Welcome!

Welcome to "Sermoneutics," a weekly devotional based on the upcoming texts from the Revised Common Lectionary. Each year I will blog about one set of lessons - Old Testament, Psalms, Epistles or Gospels. I include an original collect and compose a benediction, both based on the week's passage. I hope these will prove useful both for personal devotion and as "sermon starters" for those who preach regularly.

Pages

Monday, July 30, 2018

He said to them, "Whoever divorces his wife and marries another commits adultery against her; and if she divorces her husband and marries another, she commits adultery." - Mark 10.11-12

A recent financial advice column asks the romantic question, "Should you get a divorce now or later?" The piece goes on to analyze several impending changes in the income tax code and weigh each in the balances of whether it would leave someone richer or poorer after splitting up a marriage. Spoiler alert: Nobody really seems to know.

I don't understand economics. I've always sympathized with President Harry Truman, who lamented, "Give me a one-handed economist. Mine all say, 'on the one hand. . .but on the other hand. . . ." What I do understand is the logical fallacy of the false dilemma: The headline asks of divorce only "when" without leaving any room for "whether." 

Another thing I understand is that Jesus thinks divorce is a really bad idea. Yes, Scripture does allow for exceptions to this guideline. Yes, circumstances count and passages like this one have been used repeatedly to entomb women in abusive relationships. But at least Christians should be able to agree that the couple's tax bracket is not the place to begin pondering. A prenuptial agreement makes as much sense to me as buying the extended warranty: I always want to ask the guy, "So, you're telling me your product is such a piece of junk that I should bet on it breaking down?"

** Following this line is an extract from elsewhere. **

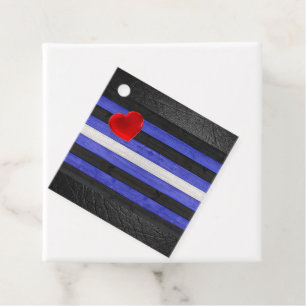 Etiquetas Para Lembrancinhas bandeira do orgulho de couro SlipperyJoe's preta a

I'm not talking to those who have suffered through the dissolution of a marriage. I know few people who despise divorce quite as much as those who have been its victims. And we do well to remember that the woman in John 8 appears on trial alone and Jesus takes her part against an unjust system. But I don't think it's too much to ask that Christians, faced with the question, "Should you get a divorce now or later?" would answer, "No."

Wednesday, July 25, 2018

Now the works of the flesh are. . .envy. . . .I am warning you, as I have warned you before: those who do such things will not inherit the kingdom of God. - Galatians 5.20-21

In an article in the New York Times, columnist Tim Herrera asks if the reader has ever felt angry when outperformed by a friend. "It's O.K.," he soothes. "You're not a bad person. Our brains are programmed to feel that confusing mix of pride and jealousy, and we have self-evaluation maintenance theory to thank."

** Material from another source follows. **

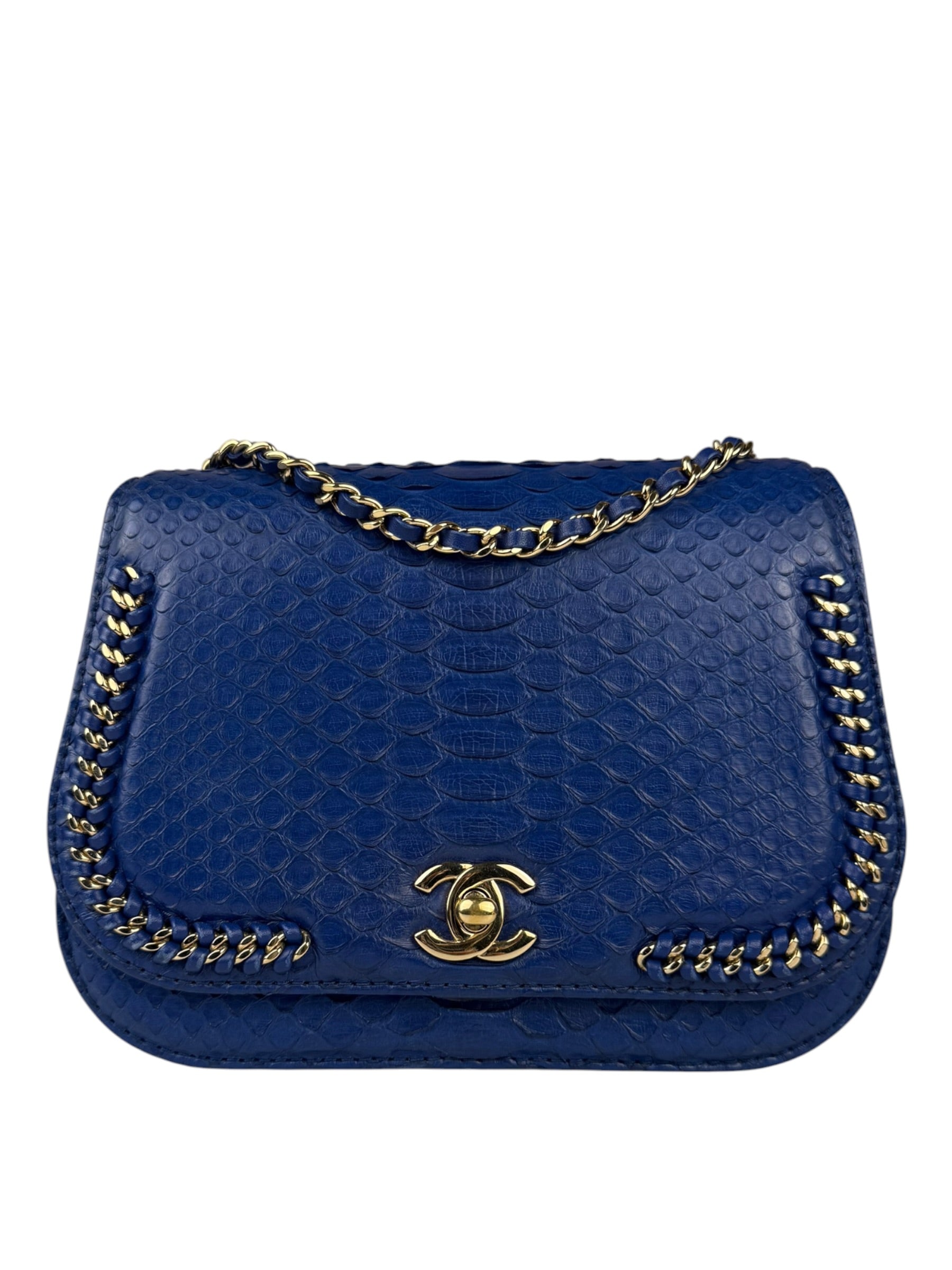 Chanel Braided Chic Python Flap Bag 2017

Well, that gets nearly everything wrong.

You are a bad person (a "sinner," in the blunt old language of the Bible), it is your soul that is (hay)wired to think that way, and you have human depravity to thank. Fancy concepts like "self-evaluation maintenance theory" may explain the mechanism involved but that makes as much sense as saying that a drunk can blame his boozing on the theory of fermentation.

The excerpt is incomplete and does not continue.